**What you should do:** Begin with the line in which "2GNAXJEV5J6253650 2018 CHEVROLET" appears and end with the final line of the entries. Retype each one exactly and add nothing.

**Study material:**

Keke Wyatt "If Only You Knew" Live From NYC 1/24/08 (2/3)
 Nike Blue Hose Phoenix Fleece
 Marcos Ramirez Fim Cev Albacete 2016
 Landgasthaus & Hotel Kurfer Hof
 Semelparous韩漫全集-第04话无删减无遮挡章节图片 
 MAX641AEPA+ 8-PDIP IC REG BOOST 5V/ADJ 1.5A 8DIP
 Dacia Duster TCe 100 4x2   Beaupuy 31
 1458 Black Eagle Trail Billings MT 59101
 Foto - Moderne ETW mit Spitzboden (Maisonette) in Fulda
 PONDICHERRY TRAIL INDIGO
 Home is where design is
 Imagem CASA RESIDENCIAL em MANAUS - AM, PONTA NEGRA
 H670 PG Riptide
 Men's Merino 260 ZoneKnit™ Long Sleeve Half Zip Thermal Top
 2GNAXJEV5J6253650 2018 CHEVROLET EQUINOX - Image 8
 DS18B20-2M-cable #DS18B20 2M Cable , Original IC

**Result:**
 2GNAXJEV5J6253650 2018 CHEVROLET EQUINOX - Image 8
 DS18B20-2M-cable #DS18B20 2M Cable , Original IC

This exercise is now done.